Short web captions
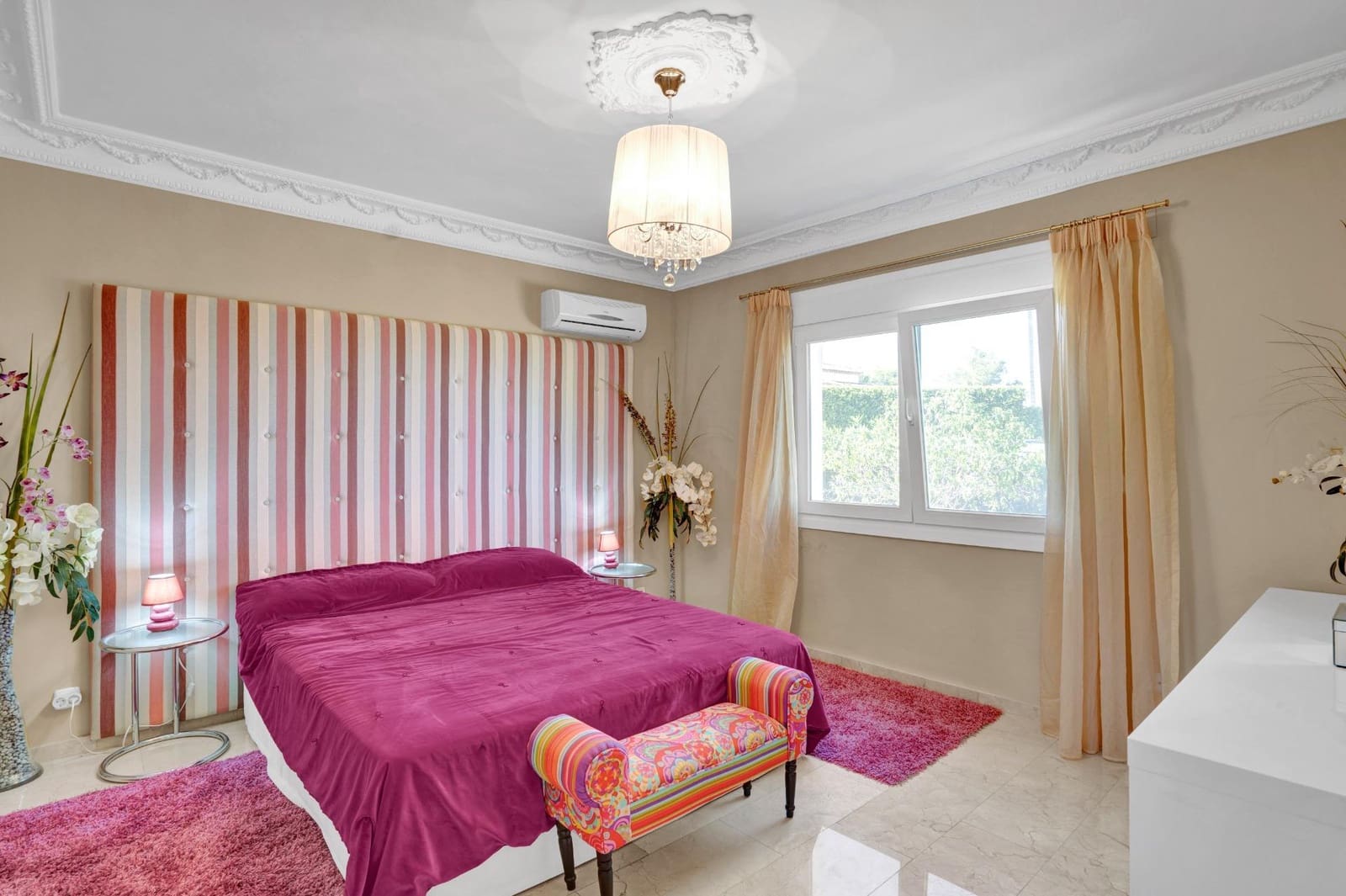 6 bedroom Villa for sale in Denia with pool garage - € 1,290,000 (Ref: 9431005)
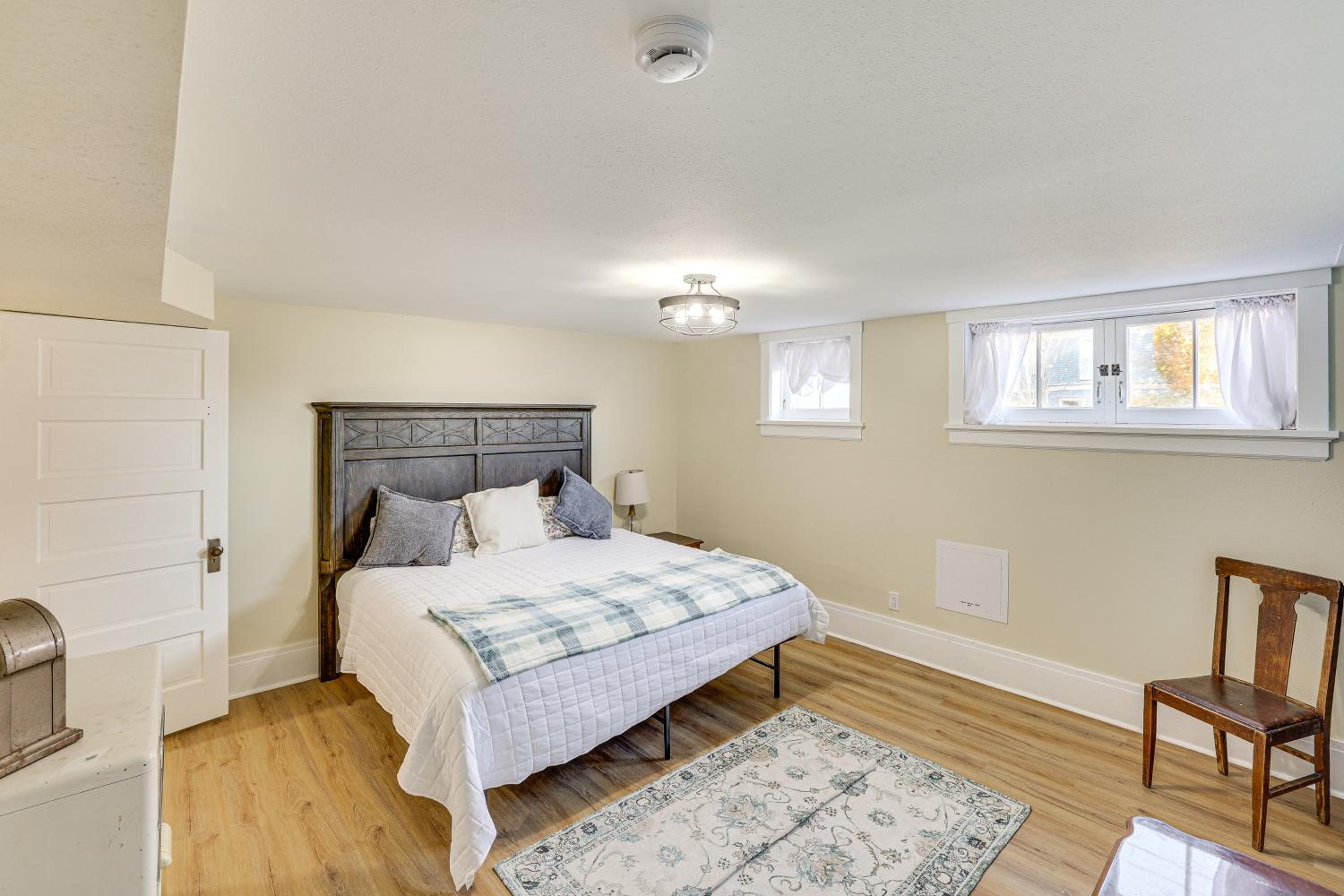 1 Mi to Pendleton Round-Up Historic Elnor Home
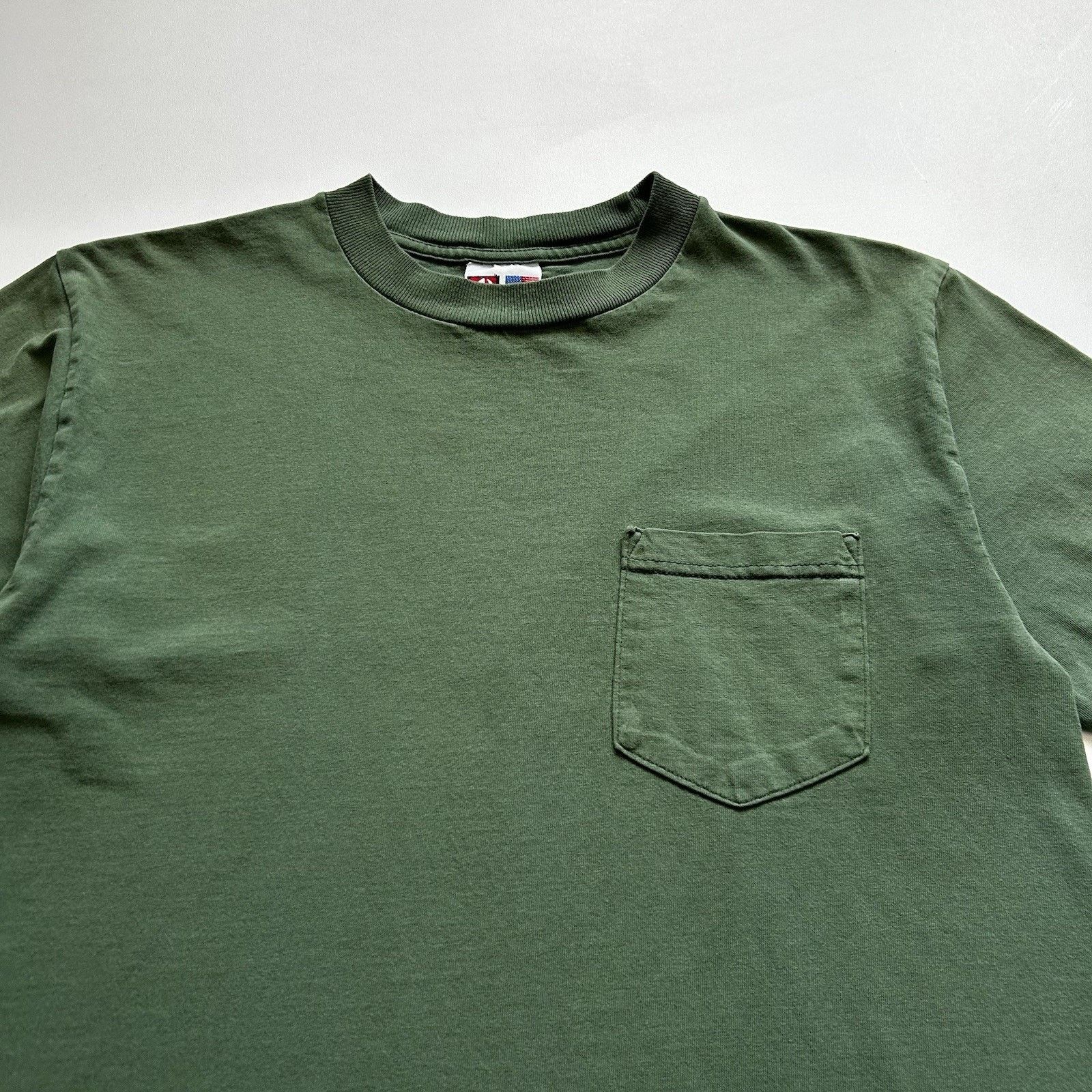 Vintage Vintage 90s Faded Green Blank Pocket T-Shirt Medium USA Made Size US M / EU 48-50 / 2 - 2 Thumbnail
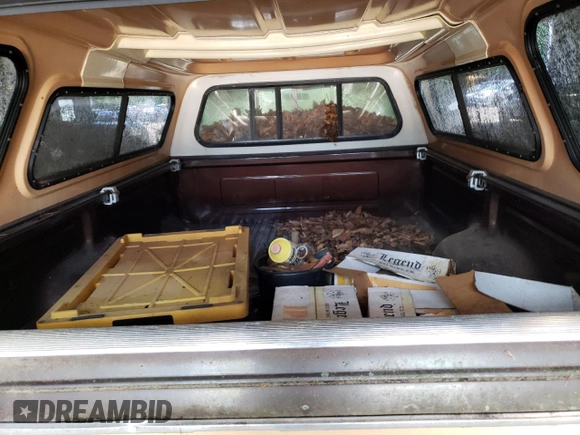 1978 Ford F-150 z VIN F15HNCG8502, wystawiony jako Copart lot #57248964 z przebiegiem 201 337 mil mil oraz Czysty tytuł • Clean title. Historia ofert i sprzedaży dostępna na DreamBid. Obrazek 10.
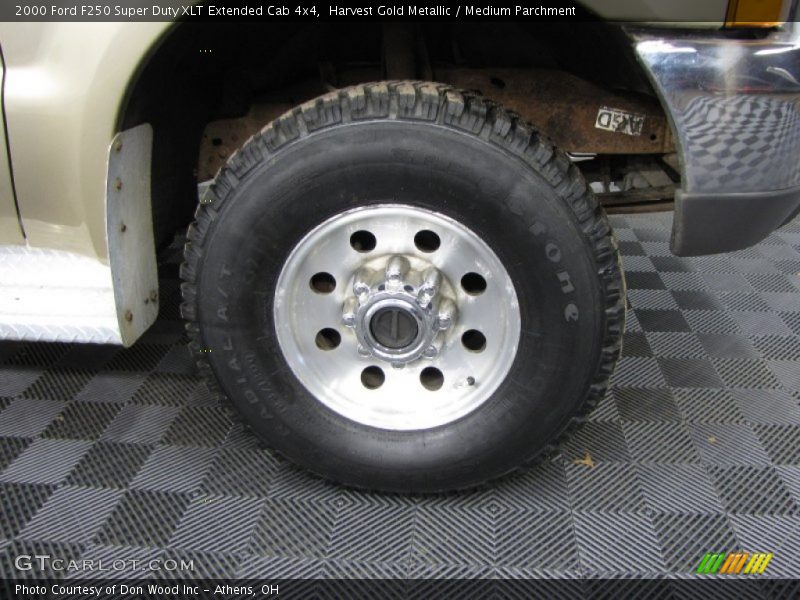 Harvest Gold Metallic / Medium Parchment 2000 Ford F250 Super Duty XLT Extended Cab 4x4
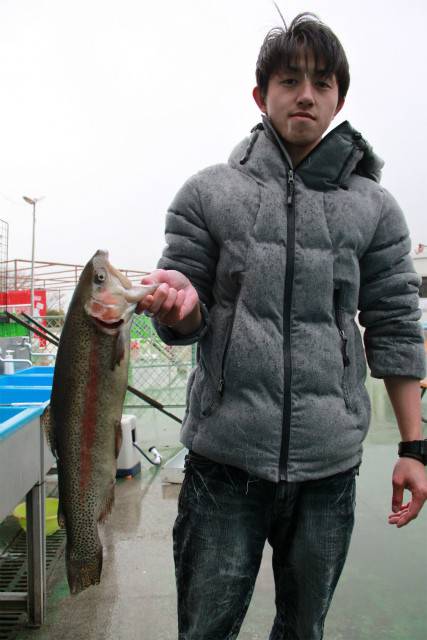 としまえんフィッシングエリア 釣果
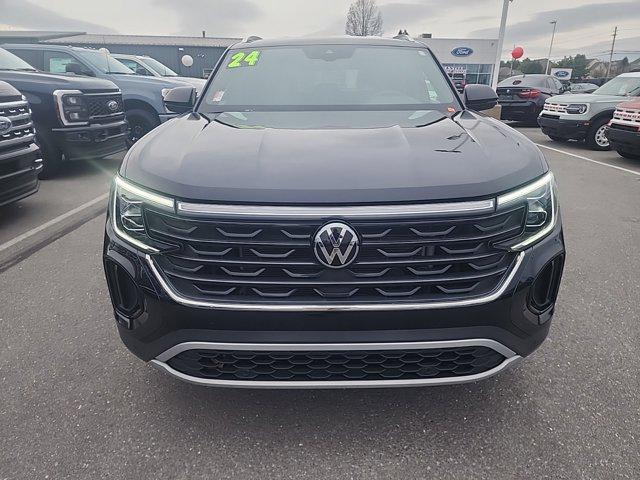 used 2024 Volkswagen Atlas Cross Sport car, priced at $35,500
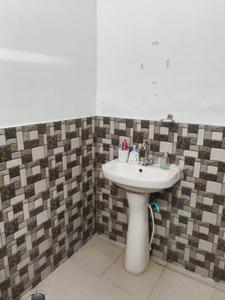 Bathroom Image of 900 Sq.ft 2 BHK Independent House for rent in Sector 48 Faridabad for Rs. 12500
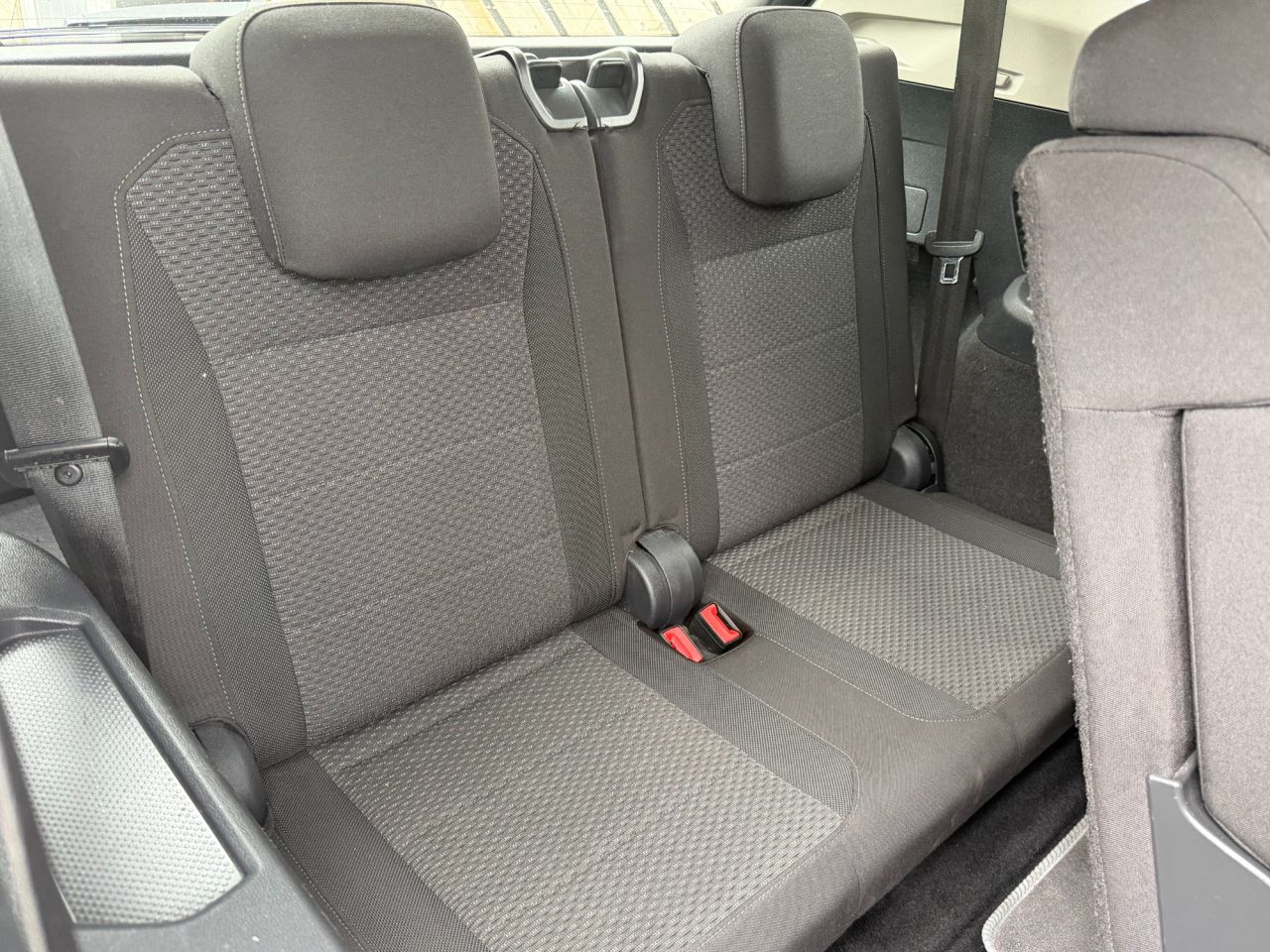 2019 VOLKSWAGEN TIGUAN ALLSPACE 2.0 TDI Match SUV 5dr Diesel Manual Euro 6 (s/s) (150 ps) - vehicle photo 7 for sale on PureCar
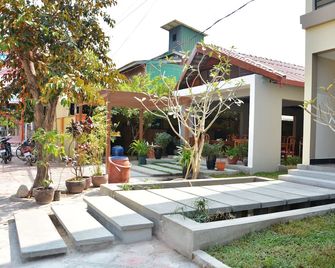 Neakru Guesthouse And Restaurant - Kampot - Udsigt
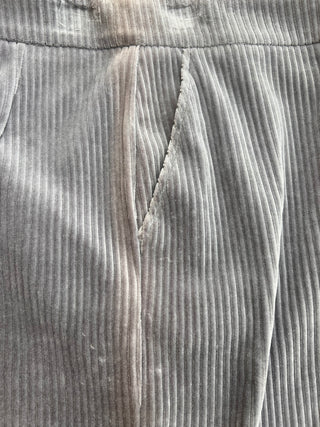 Pantalon confort en corduroy gris (8)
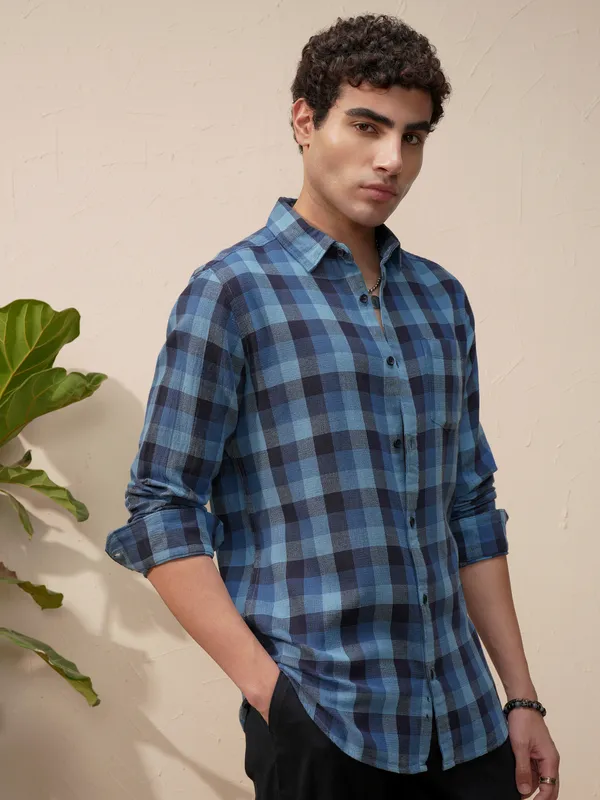 Highlander Men Blue Checked Slim Fit Casual Shirt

• Description of the task
Go through the entries and retype each one exactly, skipping any image.

• Solution to the exercise
 6 bedroom Villa for sale in Denia with pool garage - € 1,290,000 (Ref: 9431005)
 1 Mi to Pendleton Round-Up Historic Elnor Home
 Vintage Vintage 90s Faded Green Blank Pocket T-Shirt Medium USA Made Size US M / EU 48-50 / 2 - 2 Thumbnail
 1978 Ford F-150 z VIN F15HNCG8502, wystawiony jako Copart lot #57248964 z przebiegiem 201 337 mil mil oraz Czysty tytuł • Clean title. Historia ofert i sprzedaży dostępna na DreamBid. Obrazek 10.
 Harvest Gold Metallic / Medium Parchment 2000 Ford F250 Super Duty XLT Extended Cab 4x4
 としまえんフィッシングエリア 釣果
 used 2024 Volkswagen Atlas Cross Sport car, priced at $35,500
 Bathroom Image of 900 Sq.ft 2 BHK Independent House for rent in Sector 48 Faridabad for Rs. 12500
 2019 VOLKSWAGEN TIGUAN ALLSPACE 2.0 TDI Match SUV 5dr Diesel Manual Euro 6 (s/s) (150 ps) - vehicle photo 7 for sale on PureCar
 Neakru Guesthouse And Restaurant - Kampot - Udsigt
 Pantalon confort en corduroy gris (8)
 Highlander Men Blue Checked Slim Fit Casual Shirt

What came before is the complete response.